> What you need to do: Repeat exactly, and only, the lines below starting at the line that contains "Persona con maglietta" and ending at the line that contains "Kreativer Protest: Gurkengläser", inclusive of both.

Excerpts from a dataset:
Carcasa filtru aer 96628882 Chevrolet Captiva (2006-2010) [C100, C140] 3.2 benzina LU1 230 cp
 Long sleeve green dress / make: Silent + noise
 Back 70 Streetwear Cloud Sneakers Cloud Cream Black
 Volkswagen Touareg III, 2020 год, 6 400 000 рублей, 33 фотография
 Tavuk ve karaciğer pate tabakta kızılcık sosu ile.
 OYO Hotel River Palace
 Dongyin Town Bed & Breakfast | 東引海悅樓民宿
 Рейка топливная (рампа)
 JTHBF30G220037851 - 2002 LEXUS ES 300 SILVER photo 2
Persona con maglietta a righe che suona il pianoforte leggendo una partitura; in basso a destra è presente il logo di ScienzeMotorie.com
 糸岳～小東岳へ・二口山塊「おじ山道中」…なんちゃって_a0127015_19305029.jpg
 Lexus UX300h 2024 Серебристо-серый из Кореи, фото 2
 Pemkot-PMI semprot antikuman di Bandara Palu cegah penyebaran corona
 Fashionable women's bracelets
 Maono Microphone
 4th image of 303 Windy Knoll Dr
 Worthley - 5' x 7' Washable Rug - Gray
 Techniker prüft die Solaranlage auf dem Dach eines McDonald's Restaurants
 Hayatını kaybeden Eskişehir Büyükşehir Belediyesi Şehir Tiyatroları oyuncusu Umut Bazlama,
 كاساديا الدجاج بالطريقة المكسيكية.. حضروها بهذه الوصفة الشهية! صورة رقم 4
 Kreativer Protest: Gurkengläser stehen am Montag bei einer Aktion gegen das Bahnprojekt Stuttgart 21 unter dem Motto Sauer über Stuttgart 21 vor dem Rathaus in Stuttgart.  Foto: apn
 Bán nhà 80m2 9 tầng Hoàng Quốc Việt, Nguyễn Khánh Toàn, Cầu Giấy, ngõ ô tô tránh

> Response to this task:
Persona con maglietta a righe che suona il pianoforte leggendo una partitura; in basso a destra è presente il logo di ScienzeMotorie.com
 糸岳～小東岳へ・二口山塊「おじ山道中」…なんちゃって_a0127015_19305029.jpg
 Lexus UX300h 2024 Серебристо-серый из Кореи, фото 2
 Pemkot-PMI semprot antikuman di Bandara Palu cegah penyebaran corona
 Fashionable women's bracelets
 Maono Microphone
 4th image of 303 Windy Knoll Dr
 Worthley - 5' x 7' Washable Rug - Gray
 Techniker prüft die Solaranlage auf dem Dach eines McDonald's Restaurants
 Hayatını kaybeden Eskişehir Büyükşehir Belediyesi Şehir Tiyatroları oyuncusu Umut Bazlama,
 كاساديا الدجاج بالطريقة المكسيكية.. حضروها بهذه الوصفة الشهية! صورة رقم 4
 Kreativer Protest: Gurkengläser stehen am Montag bei einer Aktion gegen das Bahnprojekt Stuttgart 21 unter dem Motto Sauer über Stuttgart 21 vor dem Rathaus in Stuttgart.  Foto: apn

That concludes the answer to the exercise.